Let them eat xylose: Yeast engineered to grow efficiently on novel nutrients
Researchers at Tufts University have created a genetically modified yeast that can more efficiently consume a novel nutrient, xylose, enabling the yeast to grow faster and to higher cell densities, raising the prospect of a significantly faster path toward the design of new synthetic organisms for industrial applications, according to a study published today in Nature Communications.
In synthetic biology, organisms such as bacteria or yeast may be transformed into "mini-factories" when fed nutrients to produce a wide range of products, from pharmaceuticals to industrial chemicals and biofuels. However, a central challenge has been the efficient conversion of abundant feedstocks into the final product, particularly when the feedstock is not something the bacteria or yeast normally "eat."

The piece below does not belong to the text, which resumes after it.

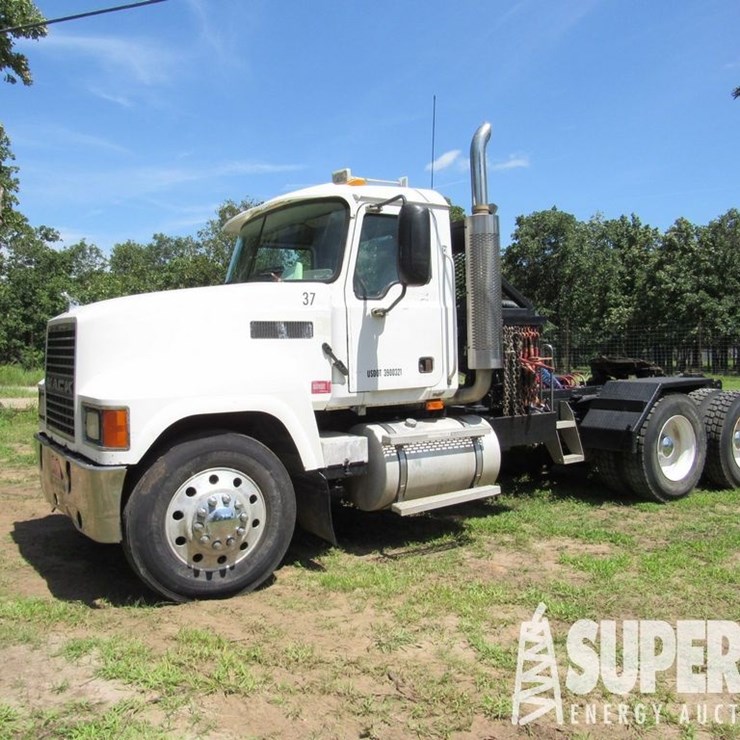 2006 MACK CHN613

In this study, the researchers noted that conventional approaches to modifying organisms to consume novel nutrients constitutively (i.e. with no "off switch") can lead to inefficiencies when the nutrient metabolic pathways are not linked to downstream pathways for stress-responses, cell growth and other functions important for the health of the organism.
Taking a different approach, the researchers took a set of regulatory genes, called a GAL regulon, that normally processes galactose - a favorite on the yeast menu of nutrients - and replaced some of the genes with those that become activated by, and direct the breakdown of, xylose. All other genes in the GAL regulon were unchanged. In doing so, they preserved a more natural interaction between the genes that govern feeding and those that govern survival. The new synthetic regulon, dubbed XYL, enabled the yeast cells to grow more rapidly and to higher cell densities.

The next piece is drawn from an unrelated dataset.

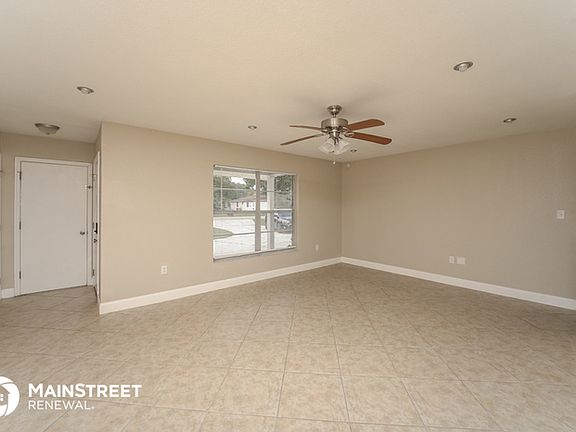 5th image of 6436 Calusa Dr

"Instead of building a metabolic framework from the ground up, we can reverse engineer existing regulons to enable an organism to thrive on a novel nutrient," said Nikhil U. Nair, Ph.D., assistant professor of chemical and biological engineering at Tufts and corresponding author of this study. "Adapting native regulons can be a significantly faster path toward the design of new synthetic organisms for industrial applications."
One such application is the production of ethanol as a biofuel. Concerns have been raised that diverting significant portions of crops, such as corn, to biofuel production could have a negative impact on availability and cost of the food supply. However, xylose is a sugar derived from the otherwise indigestible parts of plant material. The ability to ferment xylose can be a path to biofuel production that does not compete with the food supply.
As part of the study, Nair and his team took a closer look at what exactly accounted for the improved survival of the xylose-eating yeast organism. They found numerous genes activated in the XYL regulon-controlled yeast that upregulated pathways involved in growth, such as cell wall maintenance, cell division, mitochondrial biogenesis and adenosine triphosphate (ATP) production. Yeast strains that had constitutive (mostly unregulated) control of xylose metabolism triggered pathways related to cell stress, starvation and DNA damage.
"Our study applied this approach to xylose, but it suggests a broader principle - adapting native regulons for the efficient assimilation of other non-native sugars and nutrients," said Nair. "Nature has already done the work of tuning genes and metabolic pathways to the environment of the organism. Let's make use of that when introducing something new on the menu."